Name	Default value	Description
error text	failed, error	Defines which strings (errors) the Check must look for. Values must be separated with commas (,).
error text allowed	Log\ERRORLOG, informational message only,log has been reinitialized, 0 errors	Specifies the text strings which make errors (specified by the “error text” parameter) to be excluded when found in the same record (error log line).
history threshold	1000	The maximum numbers of error messages the history table will keep (error_log_err_histr_tab table).
last run		The last time the error log has been checked.
max lines per execution	5000	The maximum number of lines the Alert will read during execution before a warning/alarm is raised.
return status	0	Return status value (ALARM – 2, WARNING – 1, or OK – 0) when “error text” is found (or “max lines per execution” is reached.
max elap time	180	The maximum execution time (in seconds) for the Alert. If this threshold is reached a warning is raised.

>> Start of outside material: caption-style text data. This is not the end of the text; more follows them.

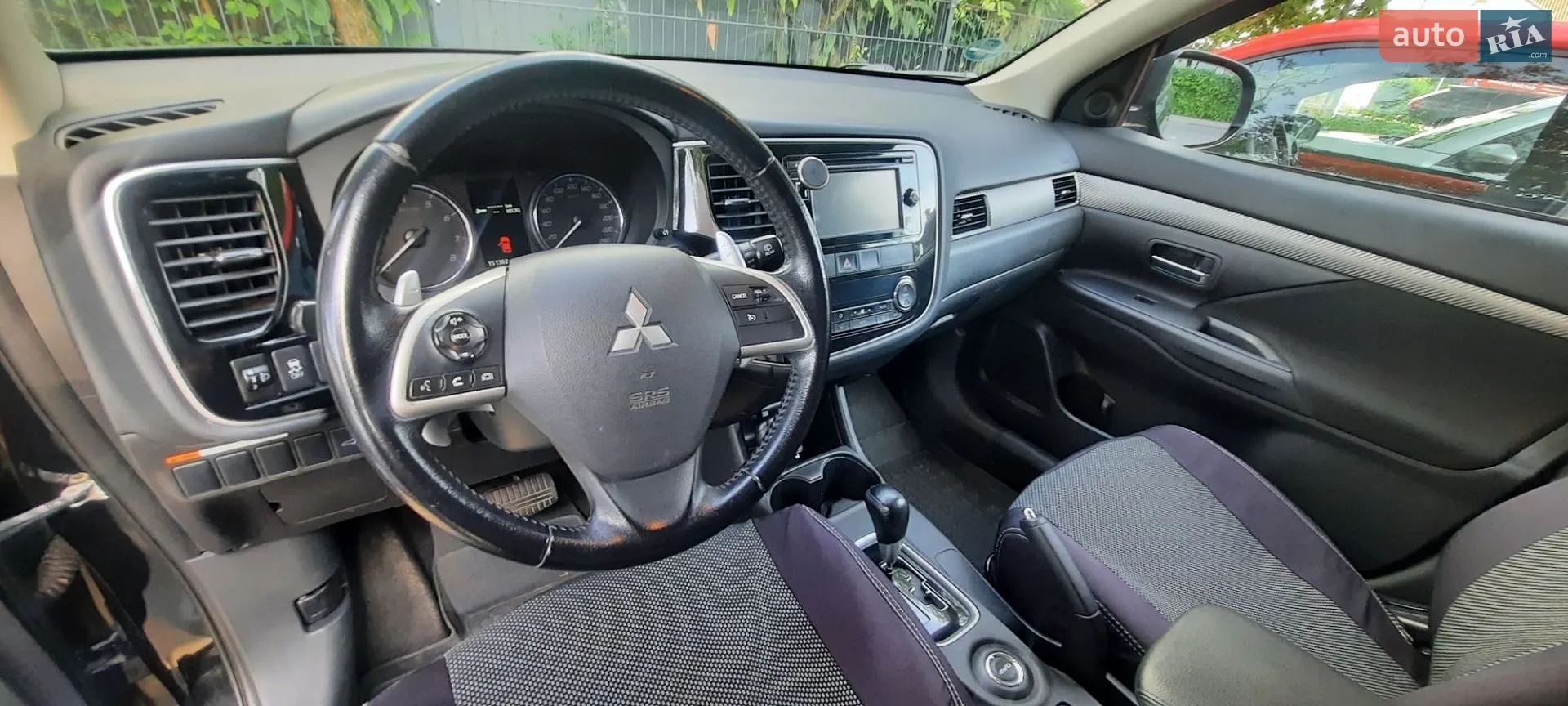 2013 Mitsubishi Outlander - мініатюра 11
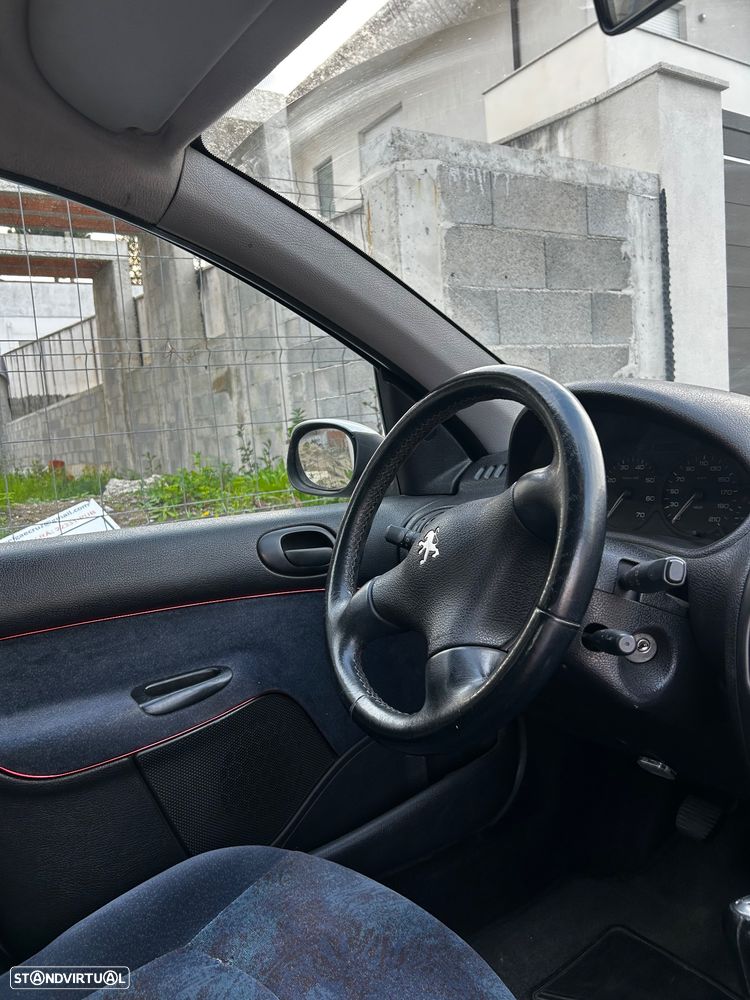 Peugeot 206 1.1 XR - 2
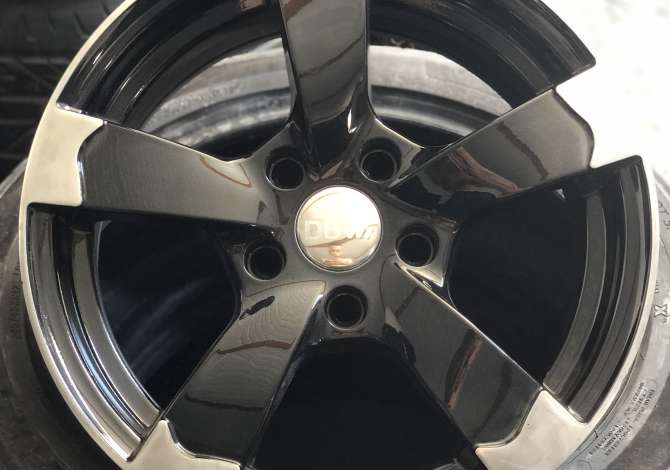 Disqe Nr 16 Audi VW Golf 5 6 7 Passat Origjinal Germany 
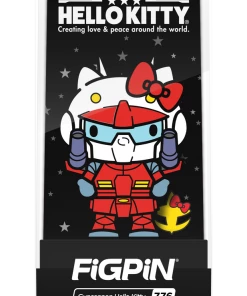 Sanrio Guncannon Hello Kitty (776) COMMONS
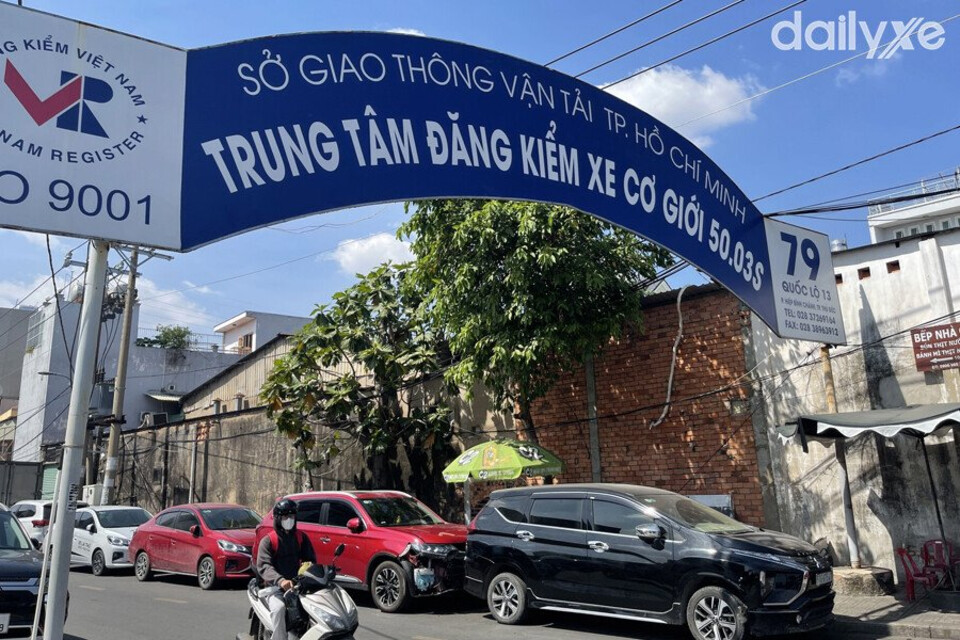 Đăng kiểm xe ô tô giúp đảm bảo các tiêu chuẩn trước khi vận hành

Purpose: The purpose of this job is to monitor, extract, and analyze error log entries from Microsoft SQL Server instances on AWS.
Why: Monitoring error logs is crucial for maintaining the uptime and availability of databases by quickly identifying and responding to issues. This job specifically targets error log analysis in SQL Server instances hosted on AWS to ensure that any emerging issues are promptly addressed, thus mitigating potential impacts on database availability and performance.
Manual checking: You can check the error logs manually in the database using the following SQL command:

EXEC rdsadmin.dbo.rds_read_error_log 0, 1;

This dbWatch job utilizes the AWS RDS specific stored procedure ‘rdsadmin.dbo.rds_read_error_log’ to read the SQL Server error logs. It filters logs based on text strings defined as errors and excludes those defined as non-errors based on other parameterized text strings.
The job includes various key configurations like history threshold to maintain the size of error history, the maximum number of lines the job should read per execution, and a timing threshold to ensure prompt execution, thereby preventing long-running job executions.

The job is configured to check instances of SQL Server (version greater than 2005) hosted on AWS with specific properties like being an instance having an engine with permission levels appropriate for reading the error logs.
It runs automatically at a default schedule of every 20 minutes (6, 26, 46 minutes past each hour).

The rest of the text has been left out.